# about fixed gear bike



## ppp2520 (Jan 28, 2008)

i try to get a fixed gear bike to replace my toyota cause i got a new job next week only 7miles from home . i only know IRO any brand recommend? thanks:thumbsup:


----------



## ernesto_from_Wisconsin (Jan 12, 2004)

The Surly Steamroller is a nice frame. Bianchi also makes a good bike.


----------



## monogod (Feb 10, 2006)

you want a ready built or roll your own?

gonna ride it year round? put racks on it? fenders? fat tyres? ever want to take it off road?

some of the more common major players...

bianchi san jose or pisa
specialized langster or tricross ss
cannondale capo
redline 925
kona paddy wagon

roll your own with a steamroller, casseroll, cross check, et. al.

ive got a steamroller, langster, and san jose (and numerous old skool conversions) and i cant say enough good about the jose. its light, flickable, huge clearance for fatty tyres and/or fenders (or fatty tyres w/fenders) and you can take it off road too.

san jose



langster is a great bike and surprisingly comfy on the road. (has bullhorns on it now)



steamroller rides really, really nice (hard to beat steel) but is only suited for on road duty.



or find an old road bike on ebay or craigslist and convert it.



you could also get a monkey and run it fixed. fat tyre city fixed riding is a blast! plus you can take it off road for some real mtb fun.

i have a 17/21 dual surly cog on this for easy gear changes (i.e. under 60 seconds). 17 for commuting and 21 for trails. did i mention how incredibly fun this bike is??? :thumbsup:


----------



## ppp2520 (Jan 28, 2008)

thanks man


----------



## robcycle (May 10, 2006)

monogod said:


> ... i cant say enough good about the jose. its light, flickable, huge clearance for fatty tyres and/or fenders (or fatty tyres w/fenders) and you can take it off road too.


 How fatty fat fat can you fit? When I get out of school I want to build up a monstercross bike. Fixed, 42+ mm tires, disc up front. Something I can ride to work on a rainy/snowy day and switch the gearing to tear up the trail. No interest in racing, just having fun. So, the 'Jose the bike for this?

-Rob.


----------



## nspace (May 25, 2006)

I picked up a Steelwool sweet city ss as my commuter.

Steel frame, pewter coloured Steelwool hubs (flip-flop rear), tensions with EBB (would probably prefer trackends. Has enough clearance for cross tires too.

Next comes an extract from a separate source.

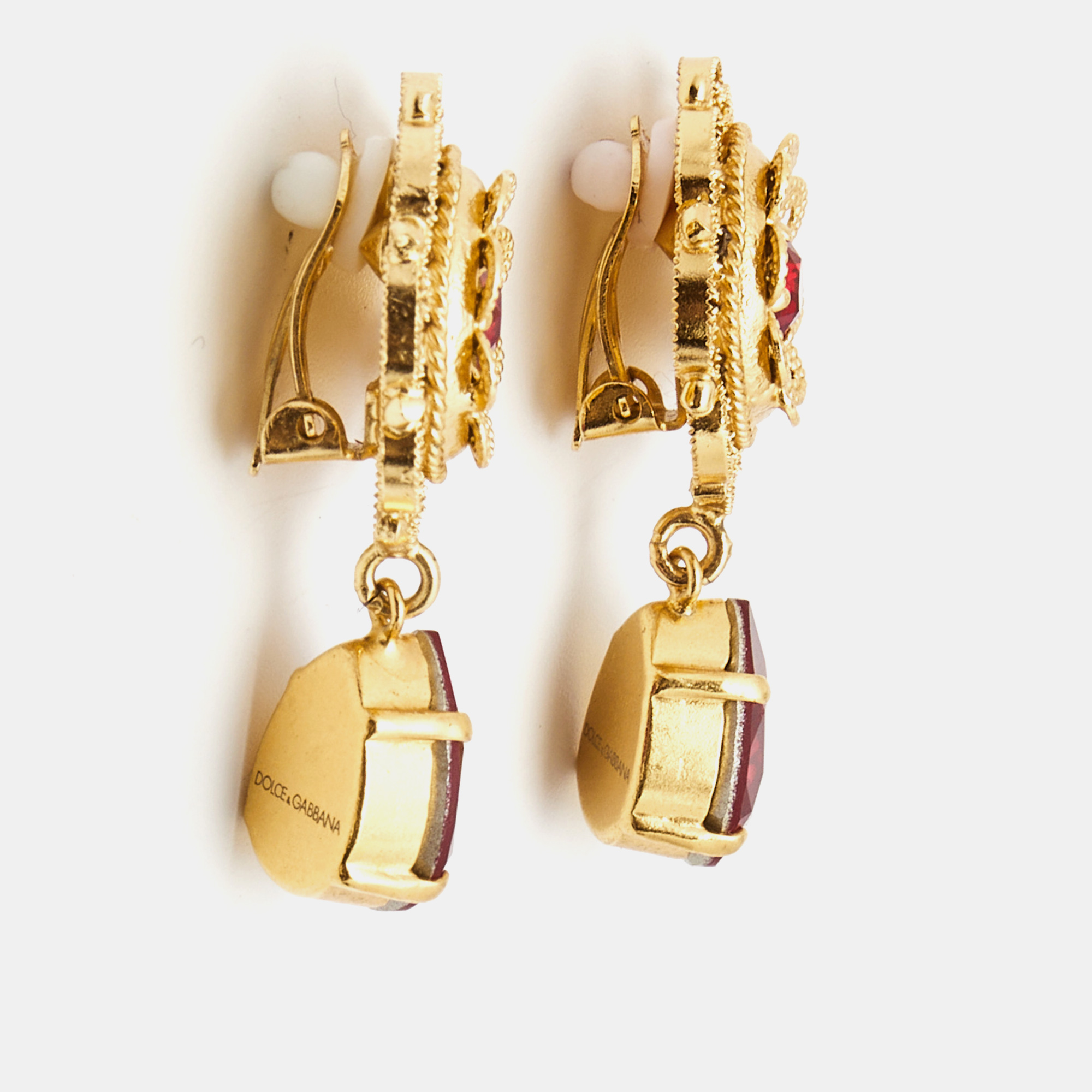 

Dolce & Gabbana Gold Tone Red Crystal Drop Clip-On Earrings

IMO, I find all the Langster's to be super tacky looking with all the city themed paint schemes.


----------



## Schmucker (Aug 23, 2007)

IRO is probably the best bang of the buck. I have a Mark V. Good hubs, wheels, cranks, bottom bracket. Cheaper FSA headset. Cheap stem, saddle, seat post, handlebars. But those things are easy to swap if they bother you, but none are not strong enough, Tires will wear out fast and are prone to flats. For $590 to your door it's a deal. If you want some more tire clearance there should be some Rob Roy framesets arriving the first week of March.


----------



## mtbdee (Jan 31, 2005)

The On One Il Pompino is pretty nice, still rockin' my grey one. Clearance in the rear is OK (up to 35mm I believe?) and it's a fun 'cross bike too (FW). I can't race 'cross fixed though, it would likely be an uglier sight than it already is.


----------



## madcap (May 26, 2007)

Swobo Sanchez









Origin-8 Uno


----------



## joeleitz (Mar 1, 2010)

Here is a great site for customizable fixed gear bikes that are under $500. They build the bikes using components that you choose and you can pick your own color combination as well. Great city bikes -one would be awesome for a 7 mile ride to work each day.



ppp2520 said:


> i try to get a fixed gear bike to replace my toyota cause i got a new job next week only 7miles from home . i only know IRO any brand recommend? thanks:thumbsup:


----------



## umarth (Dec 5, 2007)

The OP should narrow down his wants for his bike. I have a Soma Rush, which is fantastic, but it is not going to take racks or fenders or fat tires. But I also have a rockhopper with a Tomicog and it does everything at 90% of the speed...

So fat tires, utility, road geometry...?


----------